Wednesday, October 03, 2012

31 DAYS OF FRIGHT: She's Popping 'Em Out Like Pez Candy!

Don't make me turn in my Horrordad Membership Card, but I wasn't aware that BASKET CASE 3: THE PROGENY even existed until I received a press release about the new Synapse DVD. I've never been what you would call a "huge" fan of the BASKET CASE series, though I have fond memories of sitting in the kitchen having breakfast while radio ads encouraged me to come see the original at the Budco Millside - though my coupon-clipping, bargain-hunting Mom was unimpressed that I could get a free surgical mask to keep the blood off my face.

But renting BASKET CASE was a right of passage back in those early days of video store memberships. Seems like every high schooler would rent the tape - along with BLOODSUCKING FREAKS, THE EVIL DEAD and THE TEXAS CHAINSAW MASSACRE -and then come to school or swim team practice babbling about the craziness they'd witnessed.

And BASKET CASE was pretty crazy. Duane (Kevin Van Hentenryck) and his mutant twin Belial (surely one of horror's oddest icons) are surgically separated as teens but maintain a powerful psychic bond. The pair travel from their small-town home to NYC where they exact revenge on the doctors who separated them, with Belial emerging from his basket every now and then to kill other folks.
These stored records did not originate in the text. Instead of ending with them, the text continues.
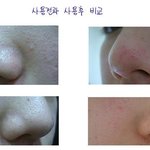 블랙헤드 없애는 새로운 방법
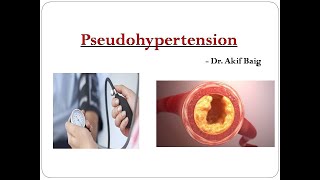 Pseudohypertension  Dr Akif Baig [upl. by Marilyn896]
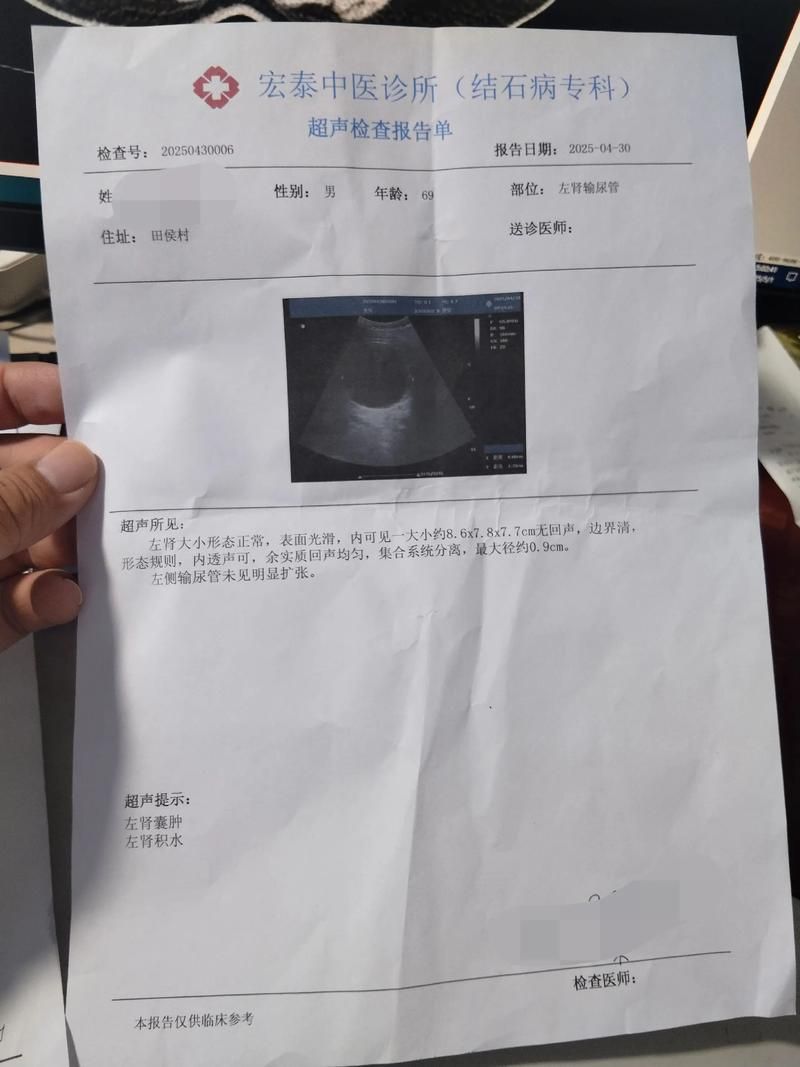  河北省保定市新增5例重症及16例无症状:河北省保定新增确诊病例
In an era where HALLOWEEN and FRIDAY THE 13th dominated the horror scene, a gory, sleazy, batshit crazy, shoe-string-budgeted flick like BASKET CASE was a revelation, and writer/director Frank Henenlotter's projects quickly became must-see for sleaze film fans. BASKET CASE 2 followed a few years later, with the twins reuniting with the aunt who raised them (Annie Ross) in an effort to escape their newfound - and unwanted - celebrity. I recall that flick featuring less of Henenlotter's black humor with more emphasis placed on the horror and gore; a natural, if not altogether welcome, progression.
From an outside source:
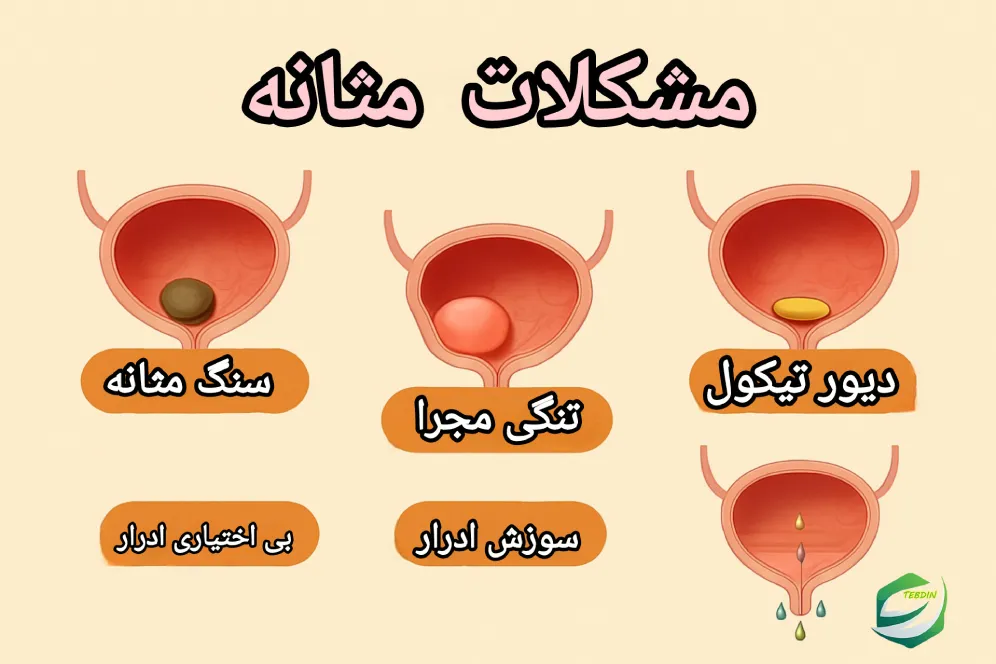 مشکلات مثانه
BASKET CASE 3: THE PROGENY picks up where the second film ended with Duane and Belial still in the care of Granny Ruth, though her daughter Susan has been accidentally killed in a fall from a window. Belial's tryst with mutant Eve (Denise Coop) has resulted in a pregnancy that forces Granny (Ross again) to pack up her busload of mutants and head south so that sympathetic doc Uncle Hal (Dan Biggers) can perform the delivery. A run-in with the local sheriff (Gil Roper), his sexy daughter Opal (Tina Louise Hilbert) and some dimwitted, money-hungry deputies results in bloody mayhem as Belial attacks the police station to rescue his babies and faces off against the sheriff mano-a-mutant.

If anything, BASKET CASE 3 takes the craziness of the first two installments and amps it up, creating an offbeat alternate reality filled with mutants of all shapes and sizes and the "normals" who love or fear them (or, in Duane's case, a bit of both). Van Hentenryck pulls off a particularly fun performance, delivering many of the film's funniest lines during rambling, schizophrenic asides. The best scene, though, belongs to Little Hal (Jim O'Doherty), a giant, multi-limbed mutant genius who emits hysterical rapid-fire running commentary during Eve's gooey, bloody birth scene.
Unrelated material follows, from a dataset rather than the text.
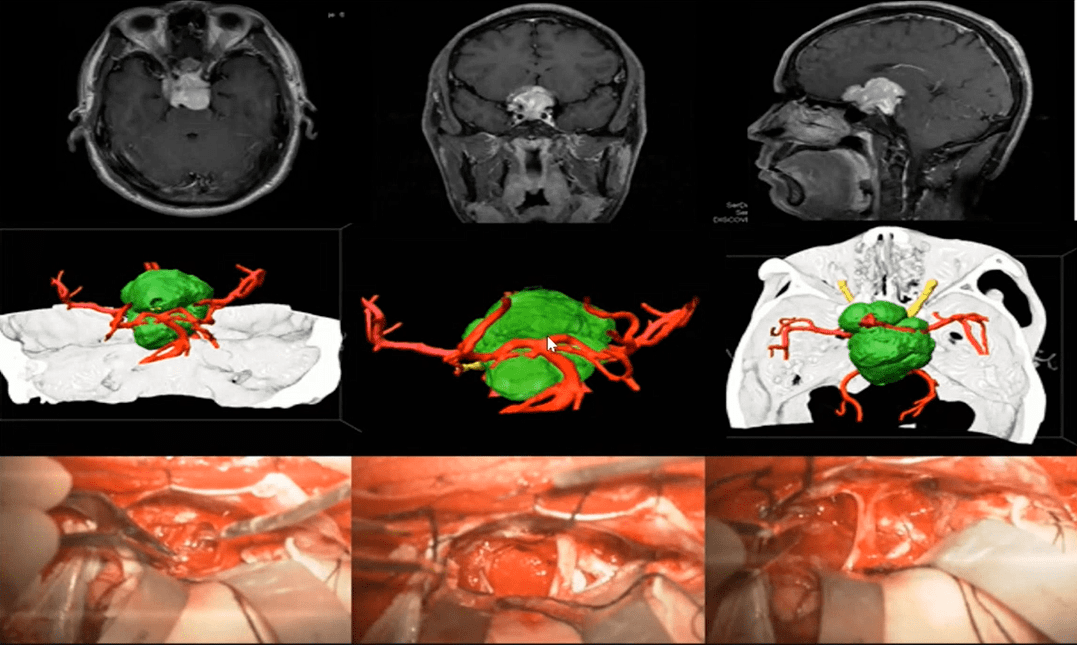 特别是在大脑左侧是不是出现语言的问题,语言的障碍;通过三维重建技术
While watching the flick I couldn't help but think of THE TOXIC AVENGER, CLASS OF NUKE 'EM HIGH and STREET TRASH, all of which were surely influenced by Henenlotter's particular brand of black-comedy-meets-horror-sleaze. Though BASKET CASE 3 isn't among my favorite Henenlotter efforts, its 90-minute running time delivers plenty of cheap laughs, slimy pre-CGI gore and the most mutants this side of NIGHTBREED.

BASKET CASE 3: THE PROGENY will be released on video October 9. You can pre-order the title at Amazon.